As a collector of film stills and a lifelong admirer of Marlene Dietrich, I began to collect stills as well as press photographs of the actress. One photograph captured her return to Berlin after the War as demonstrators displayed signs calling her a “traitor” and instructing her to “go home.” Other photos from this visit appear in Riva’s book along with a series showing Marlene freezing her ass off with while giving aid and comfort to the Allied forces in Europe. Speaking of these experiences she commented, “It was a hard time. But it was wonderful.” This wartime backdrop is described in an interview with one William F. “Buck” Dawson, a World War II veteran of the Eighty-Second Airborne Division and one of the first Americans to enter Berlin. Dawson was in charge of the press corps, and it was he who helped put Marlene back in touch with her mother in Germany. He met her in the Ritz hotel and encountered a dirty, exhausted woman who was still dressed in combat gear. (The book has great picture of Marlene in this outfit.)

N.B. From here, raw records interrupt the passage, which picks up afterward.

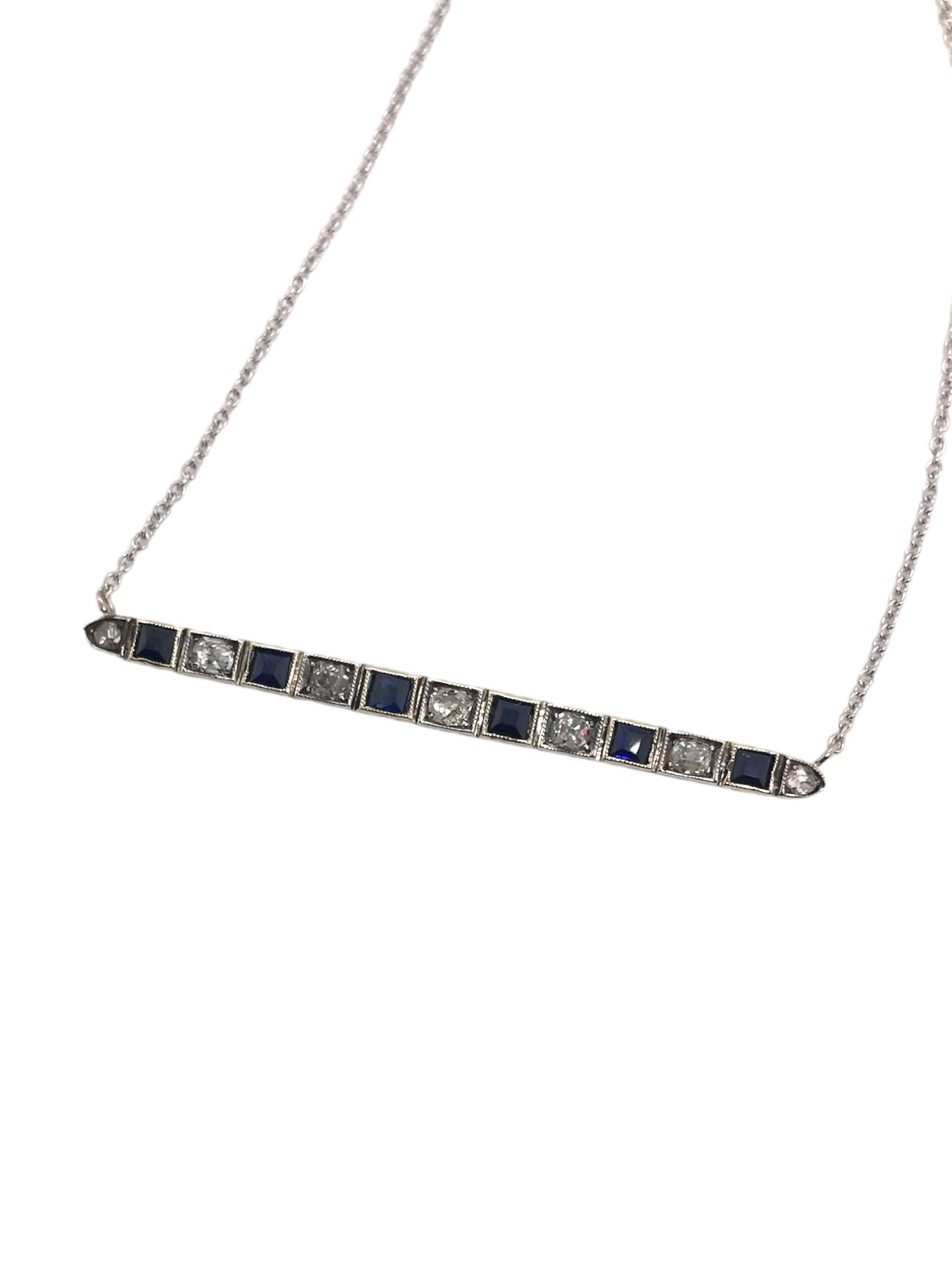 Art Deco Vintage Sapphire & Diamond Bar Conversion Necklace 14K Gold For Sale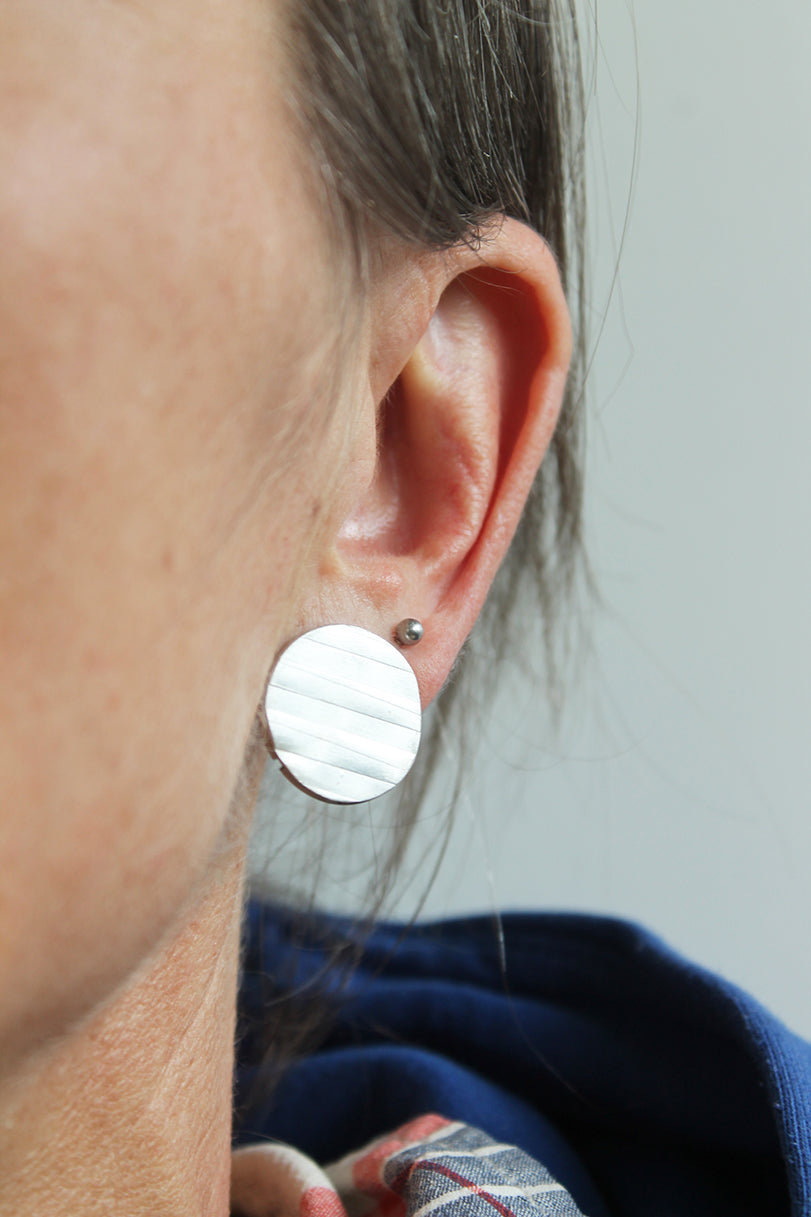 Round Silver Textured earrings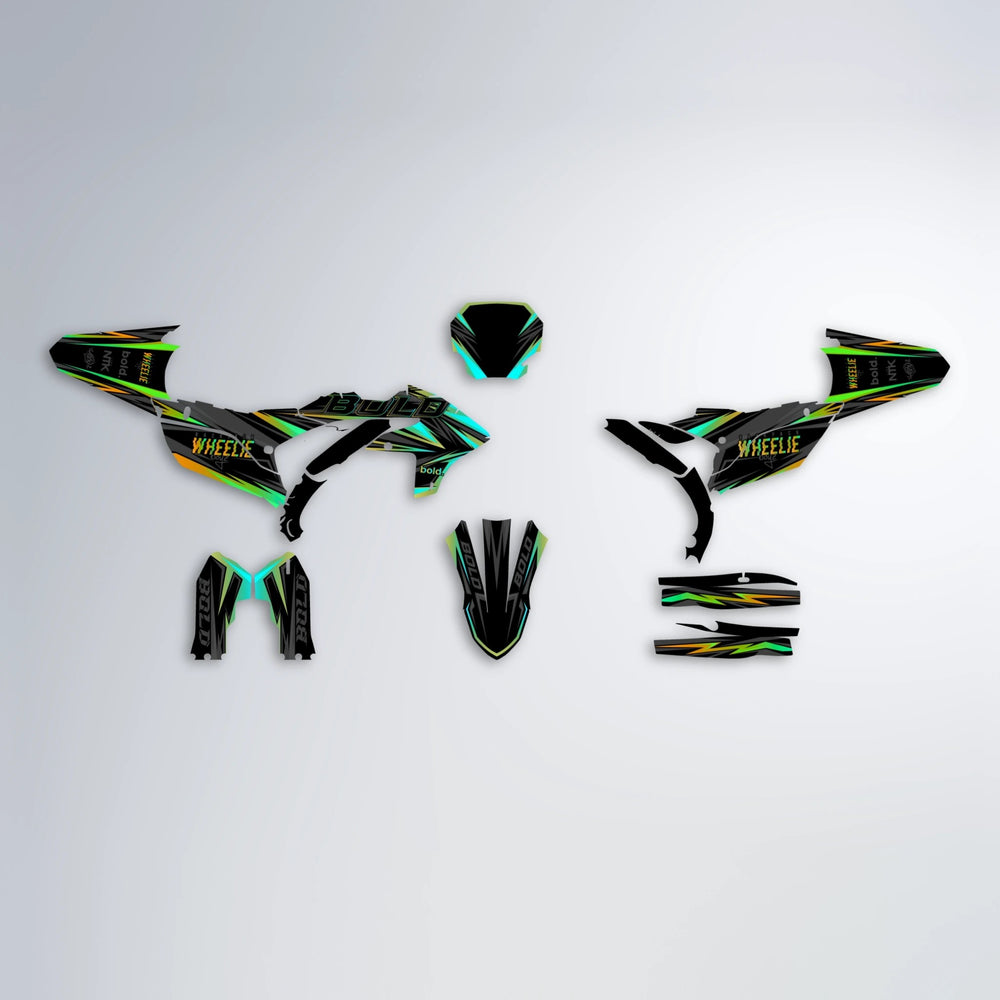 STORM Yamaha YZF SM graphics kit parts layout in Cyan & Green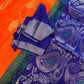Pure Kanchi Orange BluevSaree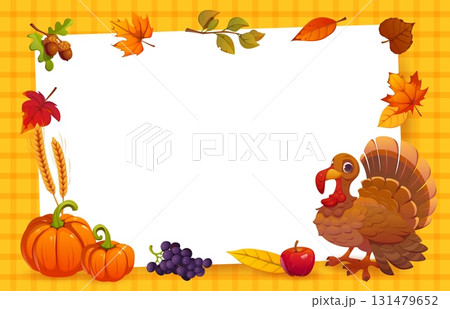 Happy Thanksgiving Day banner with frame of turkey and autumn leaves, vector poster. Thanksgiving Day greeting card template with pumpkin, corn and apple or grapes harvest in maple and oak leaf frame Happy Thanksgiving Day banner with frame of turkey and autumn leaves, vector poster. Thanksgiving Day greeting card template with pumpkin, corn and apple or grapes harvest in maple and oak leaf frame 131479652
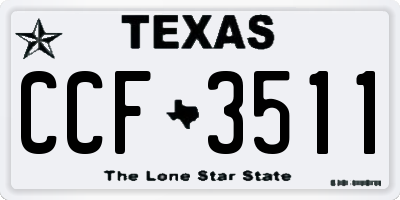 TX license plate CCF3511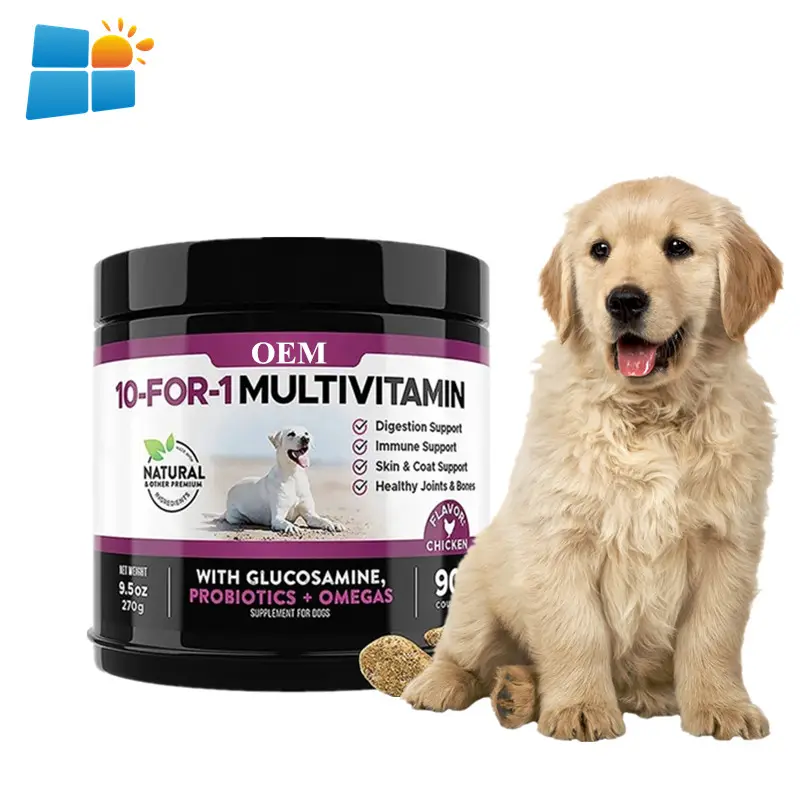 Oem/ODM/OBM 10 trong 1 hàng ngày Multivitamin Dog nhai với Glucosamine Probiotics và Omega dầu cá cho vật nuôi miễn dịch và sức khỏe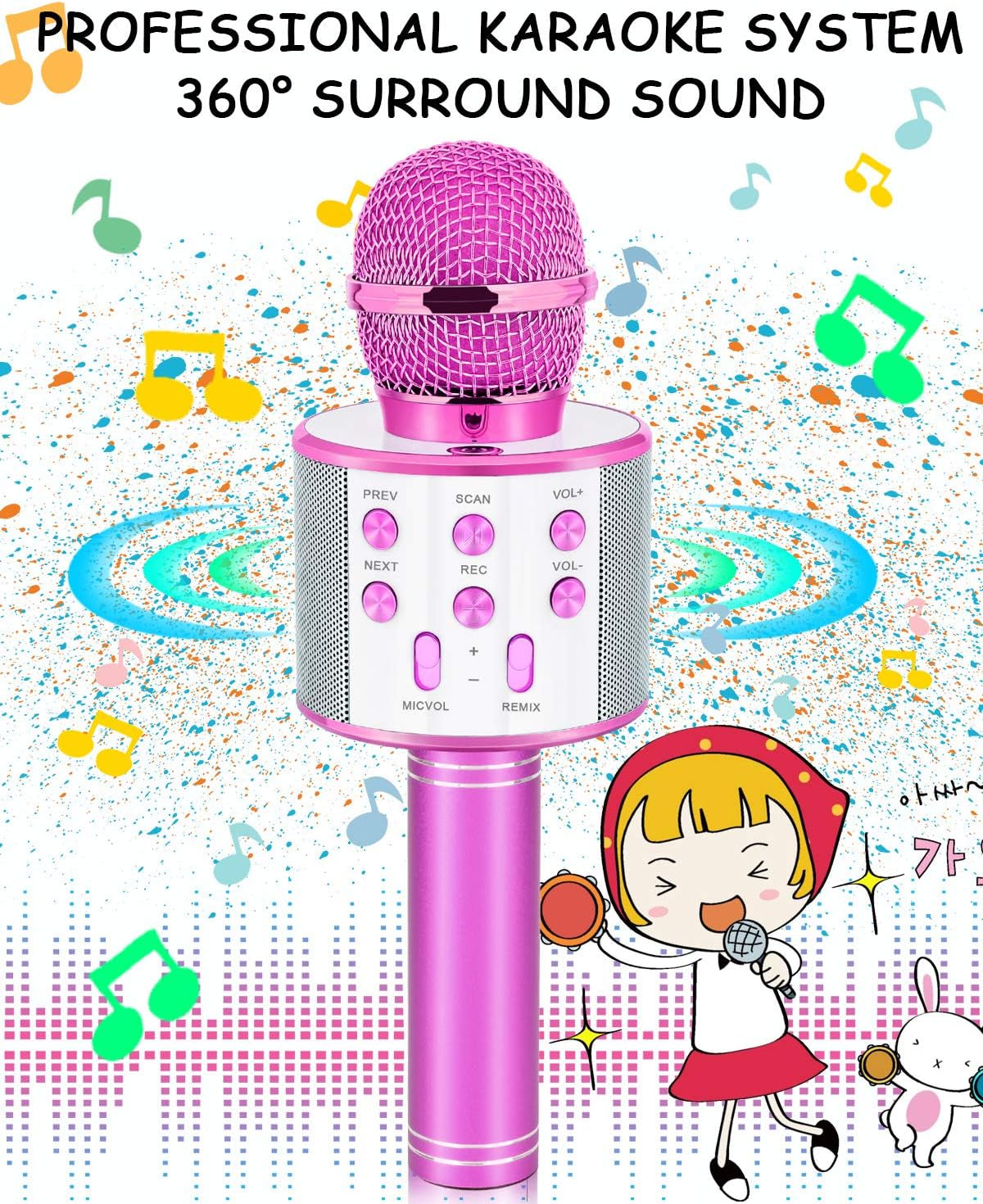 Karaoke Microphone Gift for Girls Ages 4-12 - Ideal Birthday Present in Purple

What Dawson’s interview and many others in the book reveal is how truly beautiful, remarkable, and vulnerable Dietrich really was. Here was a woman who cast aside all pretensions and went to work fighting the enemy. She understood the power of images and celebrity, donning an American uniform as she went to work for the USO and speaking out against Hitler on the radio and anywhere else she could find. Before the War she had a radio program called “Marlene Sings to Her Homeland,” which was the only way she could communicate with her mother in Berlin, she later mused. Once the War began she returned to Europe with the USO to perform for the American troops. What comes through in Riva’s book is not only how deeply committed she was to this cause, but how useful she really was to the Allied war effort. The boys loved her because she told raunchy jokes and made them laugh; she was seen as more like a buddy than a Hollywood movie star.
Guy Stern, a professor of German and Slavic studies at Wayne State University who served as an advisor for this book, was serving in Belgium during the War. He and a few buddies went to see Marlene perform. She came out on stage and stepped up to the mike and said, “Fellows, I may have to break in the middle of a song to excuse myself, and, heck, you know the reason why.” This brought down the house since they were all suffering from “the trots” due to the bad food and the generally lousy conditions.
In a wonderfully intimate interview, Rosemary Clooney speaks of Marlene’s sense of camaraderie. What comes across above all in this interview and others is Marlene’s intensity and dedication to her craft. The qualities she respected most were courage and hard work. Through these interviews and photographs, Riva has captured Marlene’s human side as distinct from her silver screen image. What emerges is someone whose beauty as a person is not damaged even when we see her “warts and all.”